Soldiers with assault rifles slung over their shoulders can be seen spaced out along the EU's eastern border, patrolling lines of razor wire that stretch out as far as the eye can see.
A makeshift shelter partially covered in tarpaulin and wooden planks of wood offers some respite for the soldiers, who were deployed to the area following a sharp rise in migrant arrivals.
Nearby, a car mounted with speakers blares out a message in several languages urging migrants to stay on or return to the Belarusian side.
"Migrants are still trying to cross the border in groups of 10 or 20. Last year, it was groups of hundreds of people," said Krystyna Jakimik-Jarosz, a spokeswoman for the border guards.
The West accused the Belarusian regime of orchestrating a migrant crisis last year as a form of retaliation against EU sanctions.
Belarus has denied this and urged the EU to take the migrants in, although it has since repatriated several thousand back to the Middle East.
Confronted with a sharp increase in arrivals, Poland in September banned media and aid groups from the immediate border area citing security reasons, and put up razor wire and deployed soldiers.

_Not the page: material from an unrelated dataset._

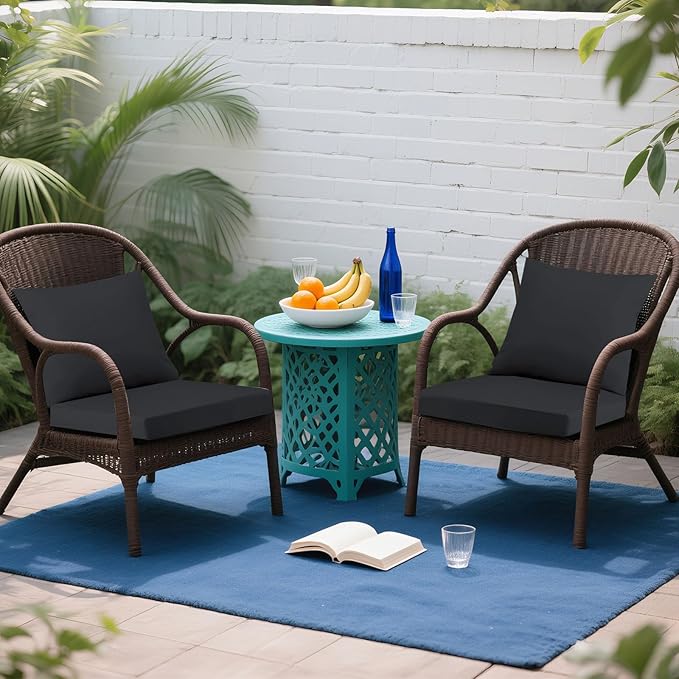 Outdoor Seat Cushion Set 19 x 19 In, Water-Resistant & Fade-Resistan, Patio Furniture Cushions with Removable Cover Deep Seat & Back Cushion with Handle and Adjustable Straps for Chair Sofa,4PC
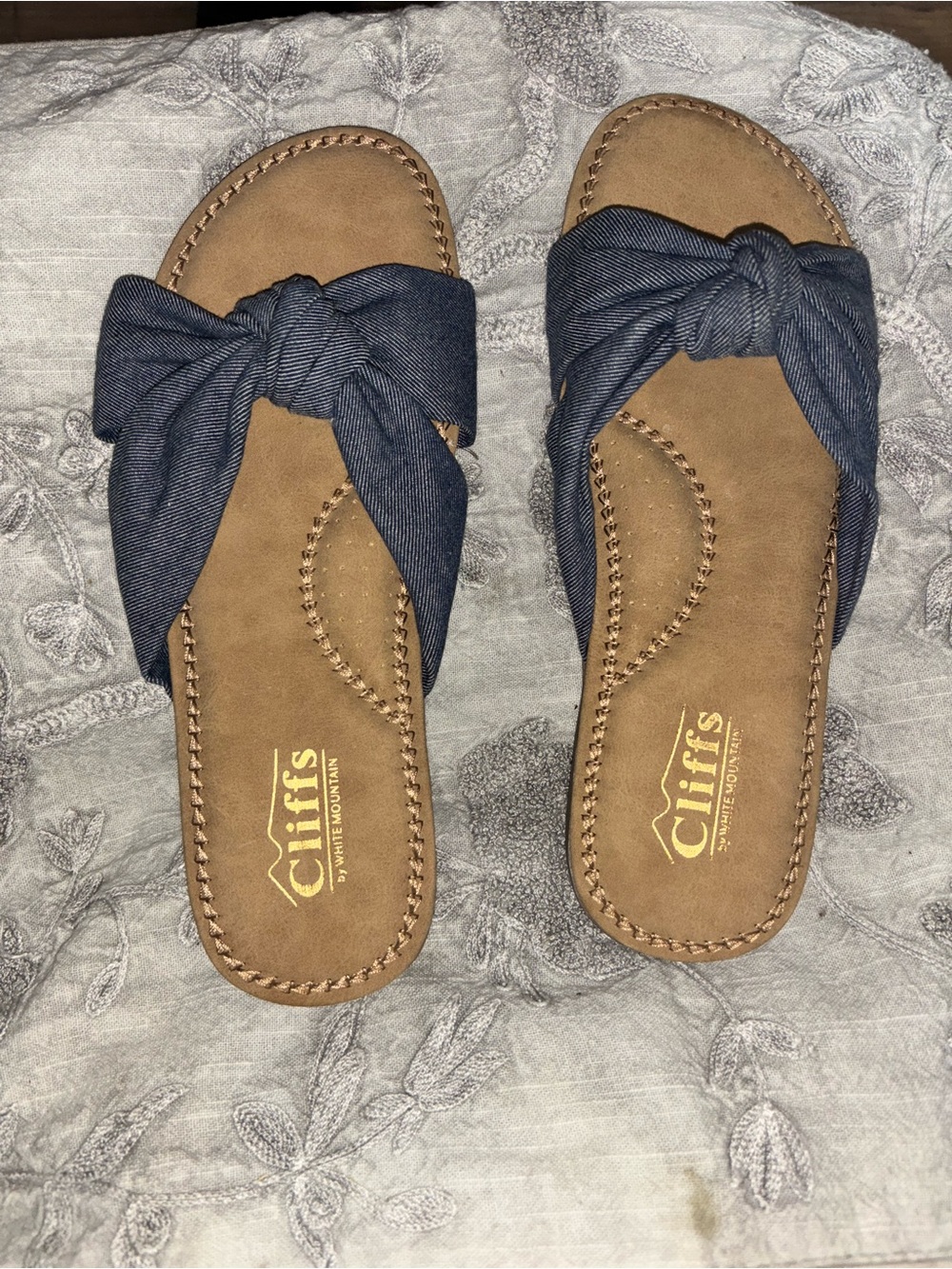 NWOT by White Mountain Navy Knot Slide Sandals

Aid groups have since accused both Poland and Belarus of violating migrants' rights and media rights groups have criticised the restrictions.
The Polish Supreme Court has also declared the ban on the media "incompatible" with the law.

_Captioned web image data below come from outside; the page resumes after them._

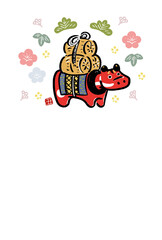 丑年　和風　年賀状　赤べこ　デザイン

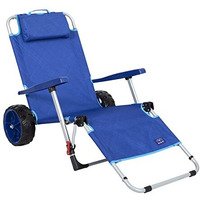 Mac Sports Beach Day Foldable Chaise Lounge Chair With Integrated Wagon Pull Cart Combination And Heavy Wheels - Perfect For Beach, Backyard, Pool Or Picnic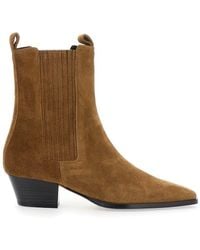 Aeyde - Ankle Boots With Elastic Side Panel - Lyst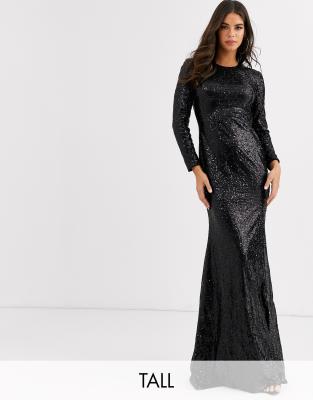 Club L London Tall Sequin Open Back Fishtail Maxi Dress In BlackGreen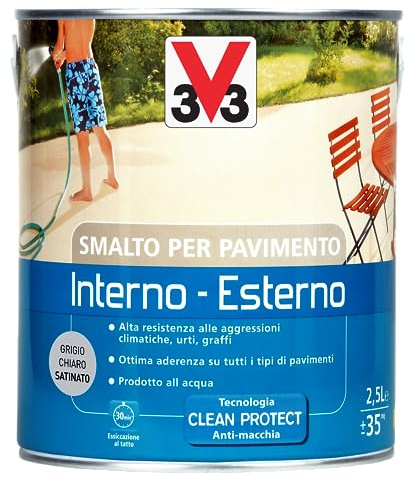 V33 Smalto per Pavimenti Interno-Esterno Grigio Chiaro 2,5L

- 'Protect' from journalists -
Facing criticism, Poland's populist government in December began organising trips for journalists to the restricted area but only under strict controls.

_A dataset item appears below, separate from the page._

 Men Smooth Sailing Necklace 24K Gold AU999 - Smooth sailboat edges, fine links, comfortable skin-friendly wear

"We want to show what the situation on the border looks like," Jakimik-Jarosz said, who shadowed the media group along with two border guards who hid their faces so as not to reveal their identity.
Around 100 journalists have so far been allowed in.
"At the beginning it was above all Polish media who could visit the zone. Foreign journalists had to be specially verified," the spokeswoman said.
Coverage of the start of construction this week of a border wall being built by Poland along 186 kilometres (115 miles) of frontier was also heavily restricted.
"This is about your security and ours. If something were to happen, we would be responsible," Jakimik-Jarosz said.
"But it is also to protect ourselves to ensure that we can do our job of protecting the border."
She said soldiers and border guards last year found themselves "having to protect themselves sometimes from journalists who pointed cameras in their faces and asked them to identify themselves".
Of the media ban, she added: "I understand that this is not always satisfactory for everyone".